Embedded foreign currency derivatives: unrelated foreign currency provision

Entity A, which measures items in its financial statements on the basis of the euro (its functional currency), enters into a contract with Entity B, which has the Norwegian krone as its functional currency, to purchase oil in six months for 1,000 US dollars. The host oil contract is not within the scope of IFRS 9 because it was entered into and continues to be for the purpose of delivery of a non-financial item in accordance with the entity’s expected purchase, sale or usage requirements (paragraphs 2.4 and BA.2 of IFRS 9) and the entity has not irrevocably designated it as measured at fair value through profit or loss in accordance with paragraph 2.5 of IFRS 9. The oil contract includes a leveraged foreign exchange provision that states that the parties, in addition to the provision of, and payment for, oil will exchange an amount equal to the fluctuation in the exchange rate of the US dollar and Norwegian krone applied to a notional amount of 100,000 US dollars. Under paragraph 4.3.3 of IFRS 9, is that embedded derivative (the leveraged foreign exchange provision) regarded as closely related to the host oil contract?

No, that leveraged foreign exchange provision is separated from the host oil contract because it is not closely related to the host oil contract (paragraph B4.3.8(d) of IFRS 9).

The payment provision under the host oil contract of 1,000 US dollars can be viewed as a foreign currency derivative because the US dollar is neither Entity A’s nor Entity B’s functional currency. This foreign currency derivative would not be separated because it follows from paragraph B4.3.8(d) of IFRS 9 that a crude oil contract that requires payment in US dollars is not regarded as a host contract with a foreign currency derivative.
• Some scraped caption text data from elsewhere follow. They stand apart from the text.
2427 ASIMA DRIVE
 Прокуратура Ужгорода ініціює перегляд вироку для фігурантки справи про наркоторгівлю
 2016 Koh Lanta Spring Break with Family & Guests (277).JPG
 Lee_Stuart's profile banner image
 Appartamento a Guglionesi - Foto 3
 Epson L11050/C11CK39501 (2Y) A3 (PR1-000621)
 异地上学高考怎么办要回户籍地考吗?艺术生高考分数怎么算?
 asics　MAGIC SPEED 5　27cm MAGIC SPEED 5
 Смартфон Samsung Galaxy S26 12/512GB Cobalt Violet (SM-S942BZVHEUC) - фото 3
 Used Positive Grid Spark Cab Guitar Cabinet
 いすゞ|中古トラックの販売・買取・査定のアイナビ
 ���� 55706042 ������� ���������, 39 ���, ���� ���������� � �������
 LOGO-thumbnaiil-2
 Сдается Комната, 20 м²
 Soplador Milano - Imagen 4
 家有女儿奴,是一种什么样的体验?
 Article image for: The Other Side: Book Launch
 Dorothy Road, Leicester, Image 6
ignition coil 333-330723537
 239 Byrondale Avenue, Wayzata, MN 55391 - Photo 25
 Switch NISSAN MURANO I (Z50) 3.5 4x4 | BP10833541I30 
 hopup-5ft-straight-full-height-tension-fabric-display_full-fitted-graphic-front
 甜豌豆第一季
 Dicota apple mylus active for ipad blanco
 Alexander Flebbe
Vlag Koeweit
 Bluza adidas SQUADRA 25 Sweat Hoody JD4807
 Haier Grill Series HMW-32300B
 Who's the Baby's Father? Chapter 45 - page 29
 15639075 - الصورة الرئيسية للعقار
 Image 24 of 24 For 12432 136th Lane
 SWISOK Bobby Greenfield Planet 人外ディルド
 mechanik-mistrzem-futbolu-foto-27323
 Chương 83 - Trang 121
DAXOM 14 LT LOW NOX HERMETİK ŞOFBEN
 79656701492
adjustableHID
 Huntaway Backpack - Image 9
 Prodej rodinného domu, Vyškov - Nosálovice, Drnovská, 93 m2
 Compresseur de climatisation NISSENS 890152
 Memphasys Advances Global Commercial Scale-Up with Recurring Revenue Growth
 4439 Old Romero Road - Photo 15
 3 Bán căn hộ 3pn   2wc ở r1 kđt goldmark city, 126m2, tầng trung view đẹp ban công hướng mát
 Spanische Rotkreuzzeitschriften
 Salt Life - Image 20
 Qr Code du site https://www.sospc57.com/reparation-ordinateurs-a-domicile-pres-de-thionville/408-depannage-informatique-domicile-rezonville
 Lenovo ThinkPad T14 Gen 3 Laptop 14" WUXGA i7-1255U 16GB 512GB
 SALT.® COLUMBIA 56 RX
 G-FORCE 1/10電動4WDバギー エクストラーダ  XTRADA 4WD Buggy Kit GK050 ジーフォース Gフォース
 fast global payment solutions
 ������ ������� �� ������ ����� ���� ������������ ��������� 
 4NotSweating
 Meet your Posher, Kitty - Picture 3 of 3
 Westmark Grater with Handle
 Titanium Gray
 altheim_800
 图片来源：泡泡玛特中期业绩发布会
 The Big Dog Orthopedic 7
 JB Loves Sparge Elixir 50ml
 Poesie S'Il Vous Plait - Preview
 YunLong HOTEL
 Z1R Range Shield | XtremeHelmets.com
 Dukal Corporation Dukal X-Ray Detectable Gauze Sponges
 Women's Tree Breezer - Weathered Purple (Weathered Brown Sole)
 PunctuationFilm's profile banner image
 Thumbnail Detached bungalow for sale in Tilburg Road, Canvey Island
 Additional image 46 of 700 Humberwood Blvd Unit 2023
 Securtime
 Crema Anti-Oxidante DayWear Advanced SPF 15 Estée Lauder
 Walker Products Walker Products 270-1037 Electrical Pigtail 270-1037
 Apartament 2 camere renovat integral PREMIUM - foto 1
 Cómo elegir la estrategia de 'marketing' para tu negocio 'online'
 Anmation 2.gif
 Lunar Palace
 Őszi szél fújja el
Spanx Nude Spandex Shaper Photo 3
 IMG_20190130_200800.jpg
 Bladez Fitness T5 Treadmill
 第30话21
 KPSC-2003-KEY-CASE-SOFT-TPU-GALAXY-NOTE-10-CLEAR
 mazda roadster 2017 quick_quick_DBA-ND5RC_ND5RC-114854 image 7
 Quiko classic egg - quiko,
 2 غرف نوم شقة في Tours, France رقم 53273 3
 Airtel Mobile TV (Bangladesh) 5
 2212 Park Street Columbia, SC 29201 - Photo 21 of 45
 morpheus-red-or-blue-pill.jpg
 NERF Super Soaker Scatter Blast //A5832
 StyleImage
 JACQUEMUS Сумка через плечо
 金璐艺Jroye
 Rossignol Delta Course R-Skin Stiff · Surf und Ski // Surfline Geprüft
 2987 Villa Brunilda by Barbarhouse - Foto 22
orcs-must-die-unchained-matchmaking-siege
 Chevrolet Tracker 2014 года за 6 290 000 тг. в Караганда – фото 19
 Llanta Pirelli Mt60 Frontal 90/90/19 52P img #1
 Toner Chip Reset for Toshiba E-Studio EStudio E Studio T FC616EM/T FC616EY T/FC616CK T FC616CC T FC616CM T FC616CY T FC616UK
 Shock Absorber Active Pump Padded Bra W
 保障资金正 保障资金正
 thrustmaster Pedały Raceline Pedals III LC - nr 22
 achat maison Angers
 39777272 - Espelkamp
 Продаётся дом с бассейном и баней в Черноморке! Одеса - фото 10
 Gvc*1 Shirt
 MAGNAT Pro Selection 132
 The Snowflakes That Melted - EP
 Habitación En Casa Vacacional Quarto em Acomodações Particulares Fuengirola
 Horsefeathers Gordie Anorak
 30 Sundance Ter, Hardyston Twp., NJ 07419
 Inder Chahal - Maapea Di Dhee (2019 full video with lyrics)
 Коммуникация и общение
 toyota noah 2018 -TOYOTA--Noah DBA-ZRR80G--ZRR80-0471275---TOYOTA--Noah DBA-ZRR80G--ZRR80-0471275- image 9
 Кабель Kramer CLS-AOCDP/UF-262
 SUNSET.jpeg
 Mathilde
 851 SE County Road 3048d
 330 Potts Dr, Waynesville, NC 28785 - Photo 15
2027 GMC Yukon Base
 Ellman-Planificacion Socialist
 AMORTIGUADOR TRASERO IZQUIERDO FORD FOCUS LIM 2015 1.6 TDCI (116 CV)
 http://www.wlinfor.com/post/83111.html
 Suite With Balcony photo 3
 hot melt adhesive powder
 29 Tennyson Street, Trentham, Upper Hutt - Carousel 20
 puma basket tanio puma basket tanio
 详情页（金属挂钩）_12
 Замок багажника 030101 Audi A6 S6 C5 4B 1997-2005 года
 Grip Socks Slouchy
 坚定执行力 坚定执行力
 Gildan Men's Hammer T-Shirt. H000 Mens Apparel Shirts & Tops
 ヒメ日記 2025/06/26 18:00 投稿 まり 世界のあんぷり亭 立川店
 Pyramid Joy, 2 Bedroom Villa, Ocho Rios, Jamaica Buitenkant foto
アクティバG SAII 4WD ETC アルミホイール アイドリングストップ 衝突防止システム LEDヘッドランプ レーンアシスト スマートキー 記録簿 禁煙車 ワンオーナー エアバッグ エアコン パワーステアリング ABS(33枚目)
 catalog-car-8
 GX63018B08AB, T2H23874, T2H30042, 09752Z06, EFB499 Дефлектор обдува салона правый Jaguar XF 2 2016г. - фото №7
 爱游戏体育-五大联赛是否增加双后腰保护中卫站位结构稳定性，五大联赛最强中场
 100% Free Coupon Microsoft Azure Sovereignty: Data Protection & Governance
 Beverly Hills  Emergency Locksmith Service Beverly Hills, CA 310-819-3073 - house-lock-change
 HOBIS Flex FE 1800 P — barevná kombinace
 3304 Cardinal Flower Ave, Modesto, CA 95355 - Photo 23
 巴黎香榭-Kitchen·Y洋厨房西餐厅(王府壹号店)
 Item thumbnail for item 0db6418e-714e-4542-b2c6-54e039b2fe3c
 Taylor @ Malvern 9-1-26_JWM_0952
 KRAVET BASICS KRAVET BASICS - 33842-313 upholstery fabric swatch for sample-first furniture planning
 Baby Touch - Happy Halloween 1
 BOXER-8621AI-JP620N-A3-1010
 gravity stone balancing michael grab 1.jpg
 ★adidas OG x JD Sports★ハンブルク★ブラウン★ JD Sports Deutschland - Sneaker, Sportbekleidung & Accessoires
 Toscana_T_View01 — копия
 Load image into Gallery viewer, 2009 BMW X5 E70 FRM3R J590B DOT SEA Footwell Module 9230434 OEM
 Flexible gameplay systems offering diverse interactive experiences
The leveraged foreign exchange provision that states that the parties will exchange an amount equal to the fluctuation in the exchange rate of the US dollar and Norwegian krone applied to a notional amount of 100,000 US dollars is in addition to the required payment for the oil transaction. It is unrelated to the host oil contract and therefore separated from the host oil contract and accounted for as an embedded derivative under paragraph 4.3.3 of IFRS 9.